Wednesday, May 17, 2006

Fifteen for Obscurity

In the spirit of the true Long Reliever, I present a list of the Fifteen Most Obscure Baseball Players of All Time. The list comes courtesy of Jonathan Comey of the Massachusetts paper SouthCoastToday. The entire article can be found here.

15. Ned Yost, catcher. Ned's given name is Edgar.

14. Johnny Dickshot, outfield. Yes, "Dickshot." You can look it up.

13. General Crowder, pitcher. "General" is much better than "Dickshot." Plus, Dickshot's nickname was "Ugly."

12. Andres Mora, utility. Utility? Was he a kitchen knife or a baseball player? The ability to play a number of positions, though, can keep a guy with marginal talent around a lot longer than a specialist.

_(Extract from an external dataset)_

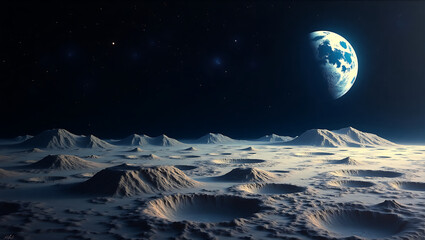 Moon's surface showcasing intricate craters against the vast darkness of space..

11. Stubby Magner, outfield. I'll bet Stubby was glad his last name wasn't "Dickshot."

10. Dutch Zwilling, outfield. Among all hitters, Zwilling ranks last alphabetcially.

9. Bob Smith, pitcher. This 1920s and '30s era pitcher's best friend was a catcher named John Doe. (You don't really believe that, do you?)

8 and 7. Bob Smith, pitcher and Bob Smith, pitcher. These two were both pitchers in the Major Leagues during the 1959 season. They had a combined 0-4 record that year. Neither pitcher made it to the 1960 season.

6. Ed Hug, catcher. Huggie was the position player's equivalent of the Long Reliever. He had only one plate appearance in his career. The result? A walk. He didn't even have a nickname. How sad is that?

5. Mike Tyson, infield. Only his name separates him from total obscurity.

4. Howard Ehmke, pitcher. Won 166 and lost 166.

3. Dave Rozema, pitcher. Dave and Kirk Gibson married twin sisters.

2. Dave Brain, shortstop. Aside from the great name, he led the National League in home runs with 10 in 1907. The next season he had 9 hits total.

1. Terry Felton, pitcher. This Texarkana boy had a career record of 0-16. His nickname must have been "Dickshot."